Same thing happened to me Saturday morning. Two toms that I have been after all season walked down the woodline that I was sitting in. Lead bird got clear of some brush so I took the shot at about 20 feet. Total whiff. Probably would have had a better chance throwing the gun at him instead with the way my season has been going :lol:


----------



## lilsean95 (Mar 6, 2007)

I missed and was worrying would it be advantageous to setup the same way after a miss or should you move the setup all together. I actually had 3 toms come in to one lonely Jennie calling for me, but the boss tom I got a shot at and still trying to figure out just WTH happened. So, please let me know if setting up in the same spot this time with no decoys would be a great idea or should I move?
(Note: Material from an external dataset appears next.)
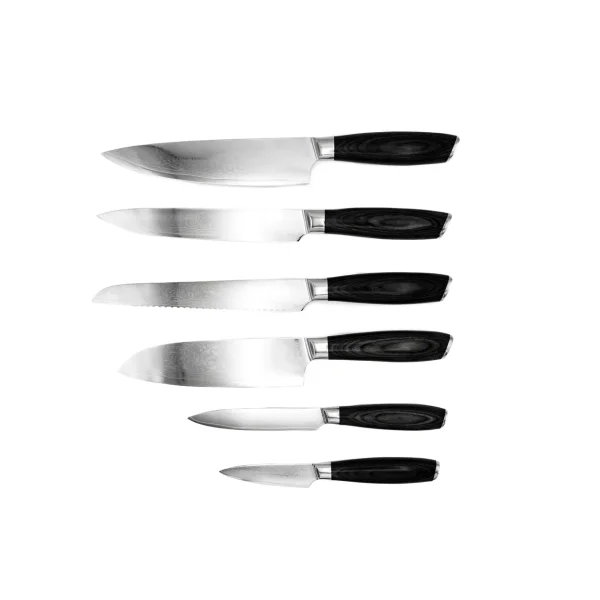Hâws Damascus knife set 6-piece Brown-stainless steel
Thanks


----------



## CVG (Oct 14, 2009)

This is what happens inside 10 yards


----------



## jigger69 (Feb 19, 2014)

Went back to the same spot today. No birds at all today. High winds today probably played a big part in it though.


----------



## jigger69 (Feb 19, 2014)

Went back to the same spot today and no birds. High winds today probably played a big part in it though. Couldnt keep the dekes from blowing over tonight


----------



## TheLionsFan (Dec 20, 2011)

Keep at em', youll get him. My 2nd bird ever I shot him at 6 yards away. Luckily it wasnt with the 835 I shoot now, it was with a NEF single shot 12 GA with a modified choke. Or else I probably would have missed.

Good luck man.


----------



## chuckinduck (May 28, 2003)

Toms have very short term memories. You'll be fine.


----------



## jigger69 (Feb 19, 2014)

been out and trying for them all last week with no success yet time to get it done.


----------



## jigger69 (Feb 19, 2014)

Tag soup this spring. The joys of having to hunt state land. Shoulda had a bird last thursday morning. Roosted the birds Wednesday night. Waited till it was dark and snuck outa there. Came back in the morning and there was someone parked less than 100 yards from where i roosted the birds. JOYS OF STATE LAND.


----------